6Die Klägerin hat beantragt,

7Das beklagte Land hat beantragt, die Klage abzuweisen.

8Das Arbeitsgericht hat die Klage insgesamt abgewiesen. Nachdem der Zeitraum, für den die befristete Tätigkeit an der M vorgesehen war, zum abgelaufen ist, haben die Parteien den Rechtsstreit bezogen auf den Antrag zu 1. im Berufungsverfahren übereinstimmend in der Hauptsache für erledigt erklärt. Insoweit hat das Landesarbeitsgericht dem beklagten Land im Berufungsurteil die Kosten nach § 91a Abs. 1 ZPO auferlegt und die Rechtsbeschwerde zugelassen. Diese ist beim Bundesarbeitsgericht unter dem Aktenzeichen - 8 AZB 2/24 - anhängig. Die Berufung der Klägerin in Bezug auf die Feststellungsanträge zu 2. und zu 3. hatte vor dem Landesarbeitsgericht keinen Erfolg. Mit der vom Landesarbeitsgericht zugelassenen Revision verfolgt die Klägerin ihre Feststellungsanträge weiter. Das beklagte Land begehrt die Zurückweisung der Revision.

Gründe

9Die zulässige Revision der Klägerin ist unbegründet. Das Landesarbeitsgericht hat die Berufung der Klägerin in Bezug auf die Feststellungsanträge im Ergebnis zu Recht zurückgewiesen. Die Feststellungsanträge haben keinen Erfolg.

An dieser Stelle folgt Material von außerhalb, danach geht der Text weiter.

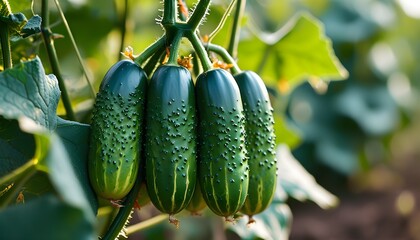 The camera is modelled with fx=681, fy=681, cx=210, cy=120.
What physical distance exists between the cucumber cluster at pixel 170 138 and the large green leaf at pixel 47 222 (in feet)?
1.18

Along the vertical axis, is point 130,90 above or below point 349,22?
above

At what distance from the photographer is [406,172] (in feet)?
25.7

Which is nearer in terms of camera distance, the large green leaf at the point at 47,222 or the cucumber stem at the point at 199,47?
the large green leaf at the point at 47,222

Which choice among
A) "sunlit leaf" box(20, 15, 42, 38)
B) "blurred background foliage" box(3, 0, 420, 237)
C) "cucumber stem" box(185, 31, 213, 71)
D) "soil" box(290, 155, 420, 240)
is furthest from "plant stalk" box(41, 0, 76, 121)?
"blurred background foliage" box(3, 0, 420, 237)

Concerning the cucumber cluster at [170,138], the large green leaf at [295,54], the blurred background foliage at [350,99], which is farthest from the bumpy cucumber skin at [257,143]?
the blurred background foliage at [350,99]

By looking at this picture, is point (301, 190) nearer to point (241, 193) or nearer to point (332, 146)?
point (241, 193)

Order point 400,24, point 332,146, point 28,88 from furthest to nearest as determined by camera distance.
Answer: point 400,24
point 332,146
point 28,88

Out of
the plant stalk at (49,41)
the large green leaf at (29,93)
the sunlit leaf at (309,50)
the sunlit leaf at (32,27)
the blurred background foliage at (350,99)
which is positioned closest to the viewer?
the large green leaf at (29,93)

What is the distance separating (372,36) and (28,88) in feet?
20.7

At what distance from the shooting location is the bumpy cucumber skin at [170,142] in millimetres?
1493

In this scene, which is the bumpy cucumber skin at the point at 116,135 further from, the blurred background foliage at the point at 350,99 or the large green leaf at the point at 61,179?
the blurred background foliage at the point at 350,99

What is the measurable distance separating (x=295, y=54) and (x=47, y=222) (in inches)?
63.0

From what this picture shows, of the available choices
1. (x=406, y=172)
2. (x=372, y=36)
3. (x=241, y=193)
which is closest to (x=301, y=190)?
(x=241, y=193)

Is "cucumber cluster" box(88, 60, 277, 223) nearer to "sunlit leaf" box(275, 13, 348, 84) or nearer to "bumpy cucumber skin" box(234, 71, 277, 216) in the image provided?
"bumpy cucumber skin" box(234, 71, 277, 216) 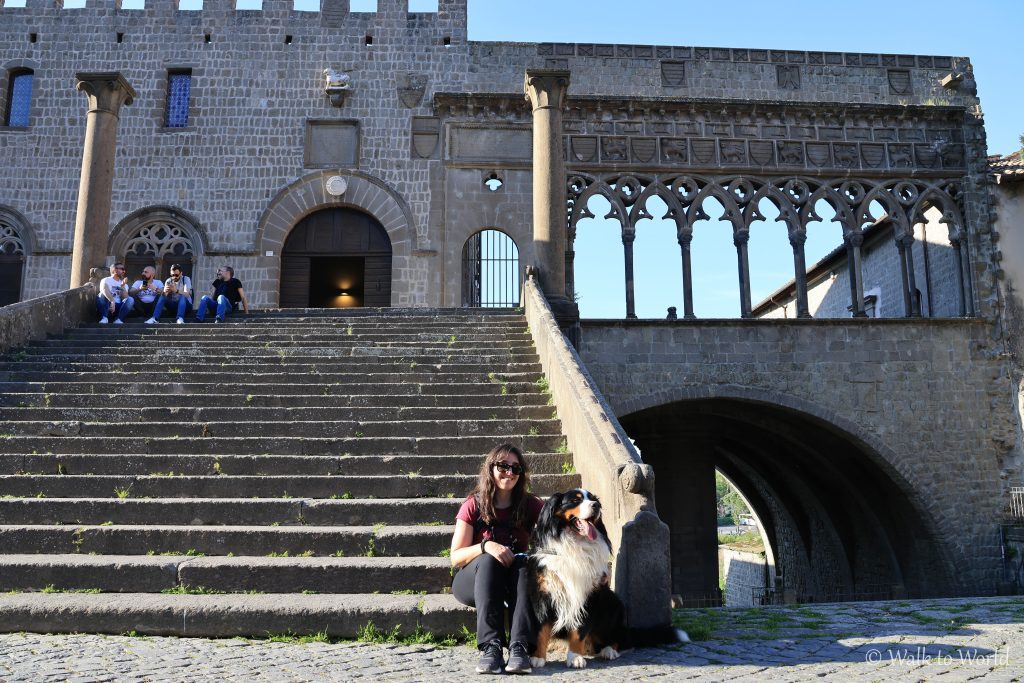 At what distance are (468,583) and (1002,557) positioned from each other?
15964 millimetres

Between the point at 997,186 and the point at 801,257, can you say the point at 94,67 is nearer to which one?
the point at 801,257

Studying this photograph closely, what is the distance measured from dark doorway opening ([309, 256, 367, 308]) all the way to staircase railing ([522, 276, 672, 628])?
547 inches

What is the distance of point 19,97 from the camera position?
19328 millimetres

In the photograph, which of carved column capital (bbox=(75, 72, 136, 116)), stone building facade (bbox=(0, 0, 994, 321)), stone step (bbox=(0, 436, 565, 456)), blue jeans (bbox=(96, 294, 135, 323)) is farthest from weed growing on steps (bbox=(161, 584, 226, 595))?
stone building facade (bbox=(0, 0, 994, 321))

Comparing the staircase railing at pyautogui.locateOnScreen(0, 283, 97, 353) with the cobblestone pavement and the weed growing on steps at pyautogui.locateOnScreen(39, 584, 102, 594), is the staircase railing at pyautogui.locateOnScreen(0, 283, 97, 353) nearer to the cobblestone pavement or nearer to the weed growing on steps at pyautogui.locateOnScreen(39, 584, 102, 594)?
the weed growing on steps at pyautogui.locateOnScreen(39, 584, 102, 594)

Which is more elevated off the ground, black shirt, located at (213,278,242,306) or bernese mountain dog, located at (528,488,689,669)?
black shirt, located at (213,278,242,306)

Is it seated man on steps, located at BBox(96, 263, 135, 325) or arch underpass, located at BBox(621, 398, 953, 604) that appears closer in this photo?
seated man on steps, located at BBox(96, 263, 135, 325)

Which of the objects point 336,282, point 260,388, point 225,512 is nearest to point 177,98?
point 336,282

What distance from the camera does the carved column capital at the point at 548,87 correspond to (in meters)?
13.3

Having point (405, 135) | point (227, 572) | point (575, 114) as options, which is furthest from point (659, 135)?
point (227, 572)

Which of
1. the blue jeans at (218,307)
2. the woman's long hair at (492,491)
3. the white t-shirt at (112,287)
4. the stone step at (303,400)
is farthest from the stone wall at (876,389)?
Answer: the woman's long hair at (492,491)

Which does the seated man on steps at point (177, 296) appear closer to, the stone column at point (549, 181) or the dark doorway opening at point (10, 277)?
the stone column at point (549, 181)

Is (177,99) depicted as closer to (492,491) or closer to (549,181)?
(549,181)

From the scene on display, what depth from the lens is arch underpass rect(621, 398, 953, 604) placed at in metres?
17.1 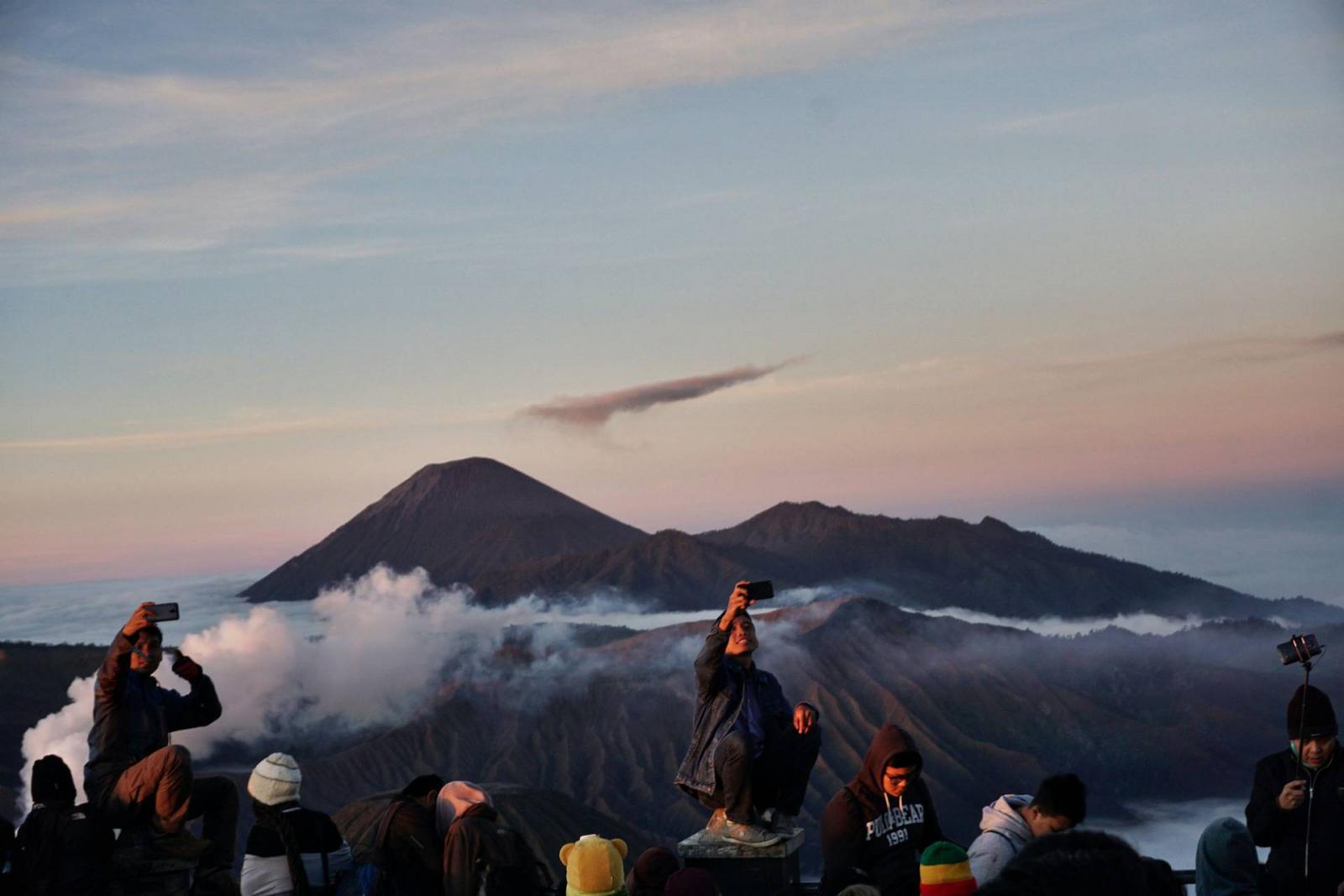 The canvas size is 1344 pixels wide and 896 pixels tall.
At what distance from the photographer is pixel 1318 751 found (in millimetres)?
7777

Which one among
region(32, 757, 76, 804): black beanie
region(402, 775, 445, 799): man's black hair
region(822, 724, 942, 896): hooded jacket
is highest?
region(32, 757, 76, 804): black beanie

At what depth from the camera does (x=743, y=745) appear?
29.0ft

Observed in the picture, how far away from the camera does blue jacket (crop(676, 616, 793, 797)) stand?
8898 millimetres

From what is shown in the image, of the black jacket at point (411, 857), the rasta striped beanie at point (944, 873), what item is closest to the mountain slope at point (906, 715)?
the black jacket at point (411, 857)

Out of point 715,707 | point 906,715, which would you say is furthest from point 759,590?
point 906,715

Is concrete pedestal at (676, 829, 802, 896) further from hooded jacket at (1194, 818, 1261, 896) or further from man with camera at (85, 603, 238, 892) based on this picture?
man with camera at (85, 603, 238, 892)

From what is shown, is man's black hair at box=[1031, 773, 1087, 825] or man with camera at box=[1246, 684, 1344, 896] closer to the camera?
man's black hair at box=[1031, 773, 1087, 825]

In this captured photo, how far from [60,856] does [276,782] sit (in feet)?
3.88

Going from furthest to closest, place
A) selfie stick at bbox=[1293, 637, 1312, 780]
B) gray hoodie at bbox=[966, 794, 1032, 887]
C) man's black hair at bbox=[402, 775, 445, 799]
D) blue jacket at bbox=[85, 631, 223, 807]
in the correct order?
blue jacket at bbox=[85, 631, 223, 807] < man's black hair at bbox=[402, 775, 445, 799] < selfie stick at bbox=[1293, 637, 1312, 780] < gray hoodie at bbox=[966, 794, 1032, 887]

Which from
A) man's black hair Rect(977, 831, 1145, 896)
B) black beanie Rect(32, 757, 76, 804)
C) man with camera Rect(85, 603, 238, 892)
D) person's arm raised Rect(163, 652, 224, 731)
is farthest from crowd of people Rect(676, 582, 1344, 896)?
black beanie Rect(32, 757, 76, 804)

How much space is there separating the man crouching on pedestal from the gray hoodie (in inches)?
78.0

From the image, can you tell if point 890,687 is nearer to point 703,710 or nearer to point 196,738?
point 196,738

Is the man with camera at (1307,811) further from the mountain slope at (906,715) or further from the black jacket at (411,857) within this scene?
the mountain slope at (906,715)

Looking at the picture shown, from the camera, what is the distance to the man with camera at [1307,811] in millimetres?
7809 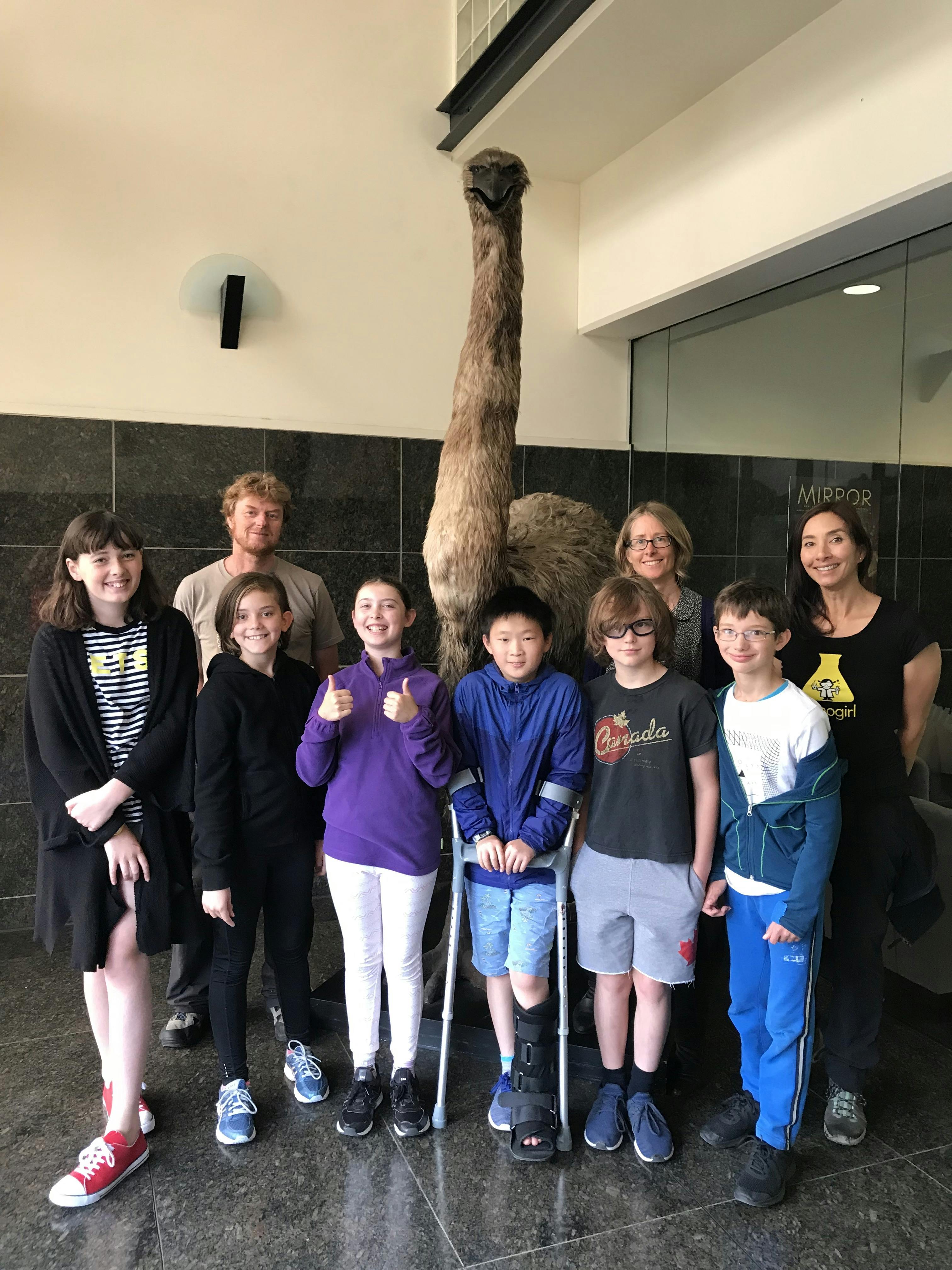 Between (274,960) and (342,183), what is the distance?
3.50m

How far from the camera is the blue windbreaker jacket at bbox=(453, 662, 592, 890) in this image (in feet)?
7.76

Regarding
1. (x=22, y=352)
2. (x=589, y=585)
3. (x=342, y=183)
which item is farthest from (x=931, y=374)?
(x=22, y=352)

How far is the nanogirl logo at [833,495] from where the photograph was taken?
3527 mm

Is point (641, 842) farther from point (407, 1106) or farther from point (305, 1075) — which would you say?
point (305, 1075)

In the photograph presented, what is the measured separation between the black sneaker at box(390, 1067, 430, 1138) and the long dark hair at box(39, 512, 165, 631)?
1481mm

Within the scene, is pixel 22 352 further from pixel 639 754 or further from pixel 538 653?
pixel 639 754

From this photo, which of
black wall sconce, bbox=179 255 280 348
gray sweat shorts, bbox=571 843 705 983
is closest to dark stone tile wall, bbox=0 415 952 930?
black wall sconce, bbox=179 255 280 348

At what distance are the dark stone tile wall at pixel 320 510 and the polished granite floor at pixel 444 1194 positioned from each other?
1.57 metres

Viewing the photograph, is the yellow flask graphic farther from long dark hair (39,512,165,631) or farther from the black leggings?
long dark hair (39,512,165,631)

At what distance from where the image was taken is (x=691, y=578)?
4.61m

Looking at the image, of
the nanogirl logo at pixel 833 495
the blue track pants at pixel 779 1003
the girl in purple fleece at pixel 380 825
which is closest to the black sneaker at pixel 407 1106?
the girl in purple fleece at pixel 380 825

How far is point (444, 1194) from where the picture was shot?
2.25 metres

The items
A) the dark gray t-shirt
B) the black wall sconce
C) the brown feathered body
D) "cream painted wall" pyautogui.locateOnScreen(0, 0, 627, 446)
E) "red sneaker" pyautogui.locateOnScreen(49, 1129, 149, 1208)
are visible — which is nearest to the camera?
"red sneaker" pyautogui.locateOnScreen(49, 1129, 149, 1208)

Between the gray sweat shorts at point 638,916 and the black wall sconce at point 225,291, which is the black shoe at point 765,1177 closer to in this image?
the gray sweat shorts at point 638,916
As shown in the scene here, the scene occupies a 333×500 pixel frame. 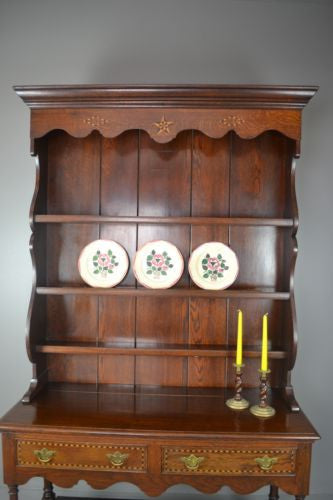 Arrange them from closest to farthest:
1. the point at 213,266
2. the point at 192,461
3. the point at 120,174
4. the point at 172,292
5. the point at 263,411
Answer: the point at 192,461, the point at 263,411, the point at 172,292, the point at 213,266, the point at 120,174

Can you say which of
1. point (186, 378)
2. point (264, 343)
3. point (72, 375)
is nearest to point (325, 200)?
point (264, 343)

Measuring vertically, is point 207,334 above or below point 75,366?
above

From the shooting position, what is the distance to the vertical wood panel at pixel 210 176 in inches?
86.3

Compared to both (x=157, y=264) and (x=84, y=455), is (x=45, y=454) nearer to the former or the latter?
(x=84, y=455)

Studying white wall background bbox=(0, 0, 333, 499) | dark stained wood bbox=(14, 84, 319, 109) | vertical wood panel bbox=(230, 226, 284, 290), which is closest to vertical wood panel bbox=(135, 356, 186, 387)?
vertical wood panel bbox=(230, 226, 284, 290)

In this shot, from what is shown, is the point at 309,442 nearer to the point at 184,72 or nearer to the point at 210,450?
the point at 210,450

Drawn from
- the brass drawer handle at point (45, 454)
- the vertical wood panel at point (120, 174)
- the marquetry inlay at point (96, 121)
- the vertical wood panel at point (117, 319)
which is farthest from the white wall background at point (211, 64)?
the brass drawer handle at point (45, 454)

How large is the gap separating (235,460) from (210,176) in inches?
50.9

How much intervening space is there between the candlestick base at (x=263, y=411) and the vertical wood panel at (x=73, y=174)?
1200 millimetres

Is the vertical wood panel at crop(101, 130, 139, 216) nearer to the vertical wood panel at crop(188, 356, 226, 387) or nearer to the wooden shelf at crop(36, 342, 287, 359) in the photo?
the wooden shelf at crop(36, 342, 287, 359)

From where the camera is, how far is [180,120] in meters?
1.93

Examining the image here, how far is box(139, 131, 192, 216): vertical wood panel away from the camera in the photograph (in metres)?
2.20

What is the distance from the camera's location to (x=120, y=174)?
222 cm

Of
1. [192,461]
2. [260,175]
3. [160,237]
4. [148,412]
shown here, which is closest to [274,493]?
Result: [192,461] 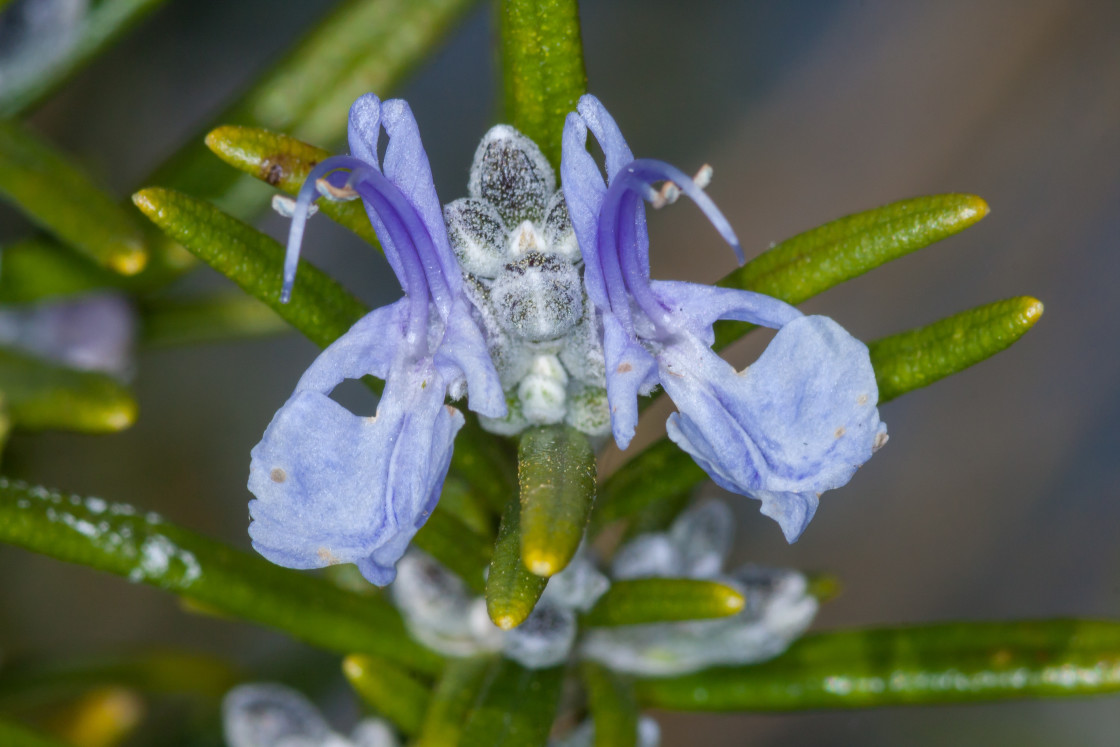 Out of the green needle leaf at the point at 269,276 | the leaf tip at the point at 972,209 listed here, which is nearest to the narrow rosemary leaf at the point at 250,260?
the green needle leaf at the point at 269,276

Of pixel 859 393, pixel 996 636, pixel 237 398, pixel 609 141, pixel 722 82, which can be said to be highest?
pixel 722 82

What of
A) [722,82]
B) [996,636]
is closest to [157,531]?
[996,636]

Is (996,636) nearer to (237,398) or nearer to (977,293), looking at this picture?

10I. Die Feststellungsanträge der Klägerin bedürfen der Auslegung. Entgegen der Auffassung des Landesarbeitsgerichts sind sie nicht als ein einheitliches Feststellungsbegehren, sondern als zwei gesondert zur Entscheidung gestellte Anträge anzusehen.

111. Das Revisionsgericht hat prozessuale Erklärungen selbstständig auszulegen. Klageanträge sind entsprechend den für Willenserklärungen geltenden Auslegungsregeln (§§ 133, 157 BGB) so auszulegen, dass im Zweifel gewollt ist, was nach den Maßstäben der Rechtsordnung vernünftig ist und der richtig verstandenen Interessenlage entspricht. Für das Verständnis eines Klageantrags ist deshalb nicht am buchstäblichen Wortlaut des Antrags zu haften. Die Grenzen der Auslegung oder auch der Umdeutung eines Klageantrags sind jedoch erreicht, wenn ein Kläger unmissverständlich ein bestimmtes Prozessziel verfolgt, auch wenn dieses Vorgehen seinem wohlverstandenen Eigeninteresse widerspricht. Dies dient nicht zuletzt der hinreichenden Berücksichtigung der schutzwürdigen Belange des Klagegegners als Erklärungsadressaten ( - Rn. 15 mwN).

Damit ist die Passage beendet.